Your answer should be the exact lines of the data below from the one containing "M43 Army (Heer)" through the one containing "L'Ambassadeur de France"; please include nothing else.

(Beginning of Data provided)

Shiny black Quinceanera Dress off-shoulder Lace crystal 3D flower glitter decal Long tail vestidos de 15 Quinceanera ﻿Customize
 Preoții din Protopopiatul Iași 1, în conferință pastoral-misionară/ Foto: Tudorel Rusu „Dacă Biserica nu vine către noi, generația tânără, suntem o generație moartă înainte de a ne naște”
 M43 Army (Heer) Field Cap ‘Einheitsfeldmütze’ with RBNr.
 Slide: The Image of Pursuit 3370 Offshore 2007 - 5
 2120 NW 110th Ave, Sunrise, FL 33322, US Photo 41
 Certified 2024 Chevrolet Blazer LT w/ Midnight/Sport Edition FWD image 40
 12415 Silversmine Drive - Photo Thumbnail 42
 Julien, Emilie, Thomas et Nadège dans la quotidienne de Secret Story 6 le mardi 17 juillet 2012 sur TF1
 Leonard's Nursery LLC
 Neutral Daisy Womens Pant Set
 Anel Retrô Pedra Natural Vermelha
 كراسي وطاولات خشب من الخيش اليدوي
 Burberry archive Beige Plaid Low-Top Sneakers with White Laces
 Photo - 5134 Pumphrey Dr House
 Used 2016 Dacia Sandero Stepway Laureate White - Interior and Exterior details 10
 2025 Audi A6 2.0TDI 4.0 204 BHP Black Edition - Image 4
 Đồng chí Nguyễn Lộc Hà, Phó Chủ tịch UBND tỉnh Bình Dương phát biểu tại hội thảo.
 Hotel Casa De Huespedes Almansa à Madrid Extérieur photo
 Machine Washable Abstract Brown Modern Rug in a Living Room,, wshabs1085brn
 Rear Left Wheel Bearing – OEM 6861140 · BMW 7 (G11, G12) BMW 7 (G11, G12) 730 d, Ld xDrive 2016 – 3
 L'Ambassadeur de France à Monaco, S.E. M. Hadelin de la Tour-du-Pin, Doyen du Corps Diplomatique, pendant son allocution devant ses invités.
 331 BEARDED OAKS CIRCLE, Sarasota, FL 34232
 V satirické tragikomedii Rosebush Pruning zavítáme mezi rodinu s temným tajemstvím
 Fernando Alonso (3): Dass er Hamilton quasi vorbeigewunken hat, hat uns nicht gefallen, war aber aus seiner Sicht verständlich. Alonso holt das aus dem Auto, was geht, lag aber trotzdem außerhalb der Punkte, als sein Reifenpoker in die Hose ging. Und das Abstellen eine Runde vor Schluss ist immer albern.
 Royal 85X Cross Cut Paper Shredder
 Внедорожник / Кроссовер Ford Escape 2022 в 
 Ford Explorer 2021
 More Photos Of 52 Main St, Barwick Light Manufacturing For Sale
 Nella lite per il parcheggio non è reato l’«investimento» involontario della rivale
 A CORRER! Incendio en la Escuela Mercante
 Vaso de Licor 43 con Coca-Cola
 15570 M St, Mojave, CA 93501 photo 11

(End of Data provided)

> Solution to the exercise:
 M43 Army (Heer) Field Cap ‘Einheitsfeldmütze’ with RBNr.
 Slide: The Image of Pursuit 3370 Offshore 2007 - 5
 2120 NW 110th Ave, Sunrise, FL 33322, US Photo 41
 Certified 2024 Chevrolet Blazer LT w/ Midnight/Sport Edition FWD image 40
 12415 Silversmine Drive - Photo Thumbnail 42
 Julien, Emilie, Thomas et Nadège dans la quotidienne de Secret Story 6 le mardi 17 juillet 2012 sur TF1
 Leonard's Nursery LLC
 Neutral Daisy Womens Pant Set
 Anel Retrô Pedra Natural Vermelha
 كراسي وطاولات خشب من الخيش اليدوي
 Burberry archive Beige Plaid Low-Top Sneakers with White Laces
 Photo - 5134 Pumphrey Dr House
 Used 2016 Dacia Sandero Stepway Laureate White - Interior and Exterior details 10
 2025 Audi A6 2.0TDI 4.0 204 BHP Black Edition - Image 4
 Đồng chí Nguyễn Lộc Hà, Phó Chủ tịch UBND tỉnh Bình Dương phát biểu tại hội thảo.
 Hotel Casa De Huespedes Almansa à Madrid Extérieur photo
 Machine Washable Abstract Brown Modern Rug in a Living Room,, wshabs1085brn
 Rear Left Wheel Bearing – OEM 6861140 · BMW 7 (G11, G12) BMW 7 (G11, G12) 730 d, Ld xDrive 2016 – 3
 L'Ambassadeur de France à Monaco, S.E. M. Hadelin de la Tour-du-Pin, Doyen du Corps Diplomatique, pendant son allocution devant ses invités.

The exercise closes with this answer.